Directions =
Let your answer be the line containing "enchanted romantic curly hairstyle" and every line below it to the end of the records, copied exactly.

--------------------------------------------------

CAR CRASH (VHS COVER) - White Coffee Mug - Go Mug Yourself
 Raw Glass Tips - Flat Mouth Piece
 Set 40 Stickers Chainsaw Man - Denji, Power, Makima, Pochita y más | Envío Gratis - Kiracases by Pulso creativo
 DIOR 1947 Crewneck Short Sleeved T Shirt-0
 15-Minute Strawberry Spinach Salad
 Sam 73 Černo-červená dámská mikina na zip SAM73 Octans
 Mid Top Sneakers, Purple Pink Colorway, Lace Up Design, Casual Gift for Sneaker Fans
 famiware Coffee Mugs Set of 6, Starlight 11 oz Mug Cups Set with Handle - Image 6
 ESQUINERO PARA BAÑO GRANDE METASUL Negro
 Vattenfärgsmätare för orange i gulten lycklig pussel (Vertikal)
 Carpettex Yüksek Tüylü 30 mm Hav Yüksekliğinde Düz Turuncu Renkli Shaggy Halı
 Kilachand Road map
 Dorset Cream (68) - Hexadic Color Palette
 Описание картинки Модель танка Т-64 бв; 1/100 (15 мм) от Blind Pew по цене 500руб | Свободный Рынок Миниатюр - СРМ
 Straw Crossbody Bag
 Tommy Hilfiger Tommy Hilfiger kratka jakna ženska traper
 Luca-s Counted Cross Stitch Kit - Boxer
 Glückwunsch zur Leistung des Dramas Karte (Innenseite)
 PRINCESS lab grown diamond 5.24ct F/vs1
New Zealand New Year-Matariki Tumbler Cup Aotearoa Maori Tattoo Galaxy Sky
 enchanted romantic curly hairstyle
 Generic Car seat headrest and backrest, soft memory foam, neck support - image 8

--------------------------------------------------

Response area =
 enchanted romantic curly hairstyle
 Generic Car seat headrest and backrest, soft memory foam, neck support - image 8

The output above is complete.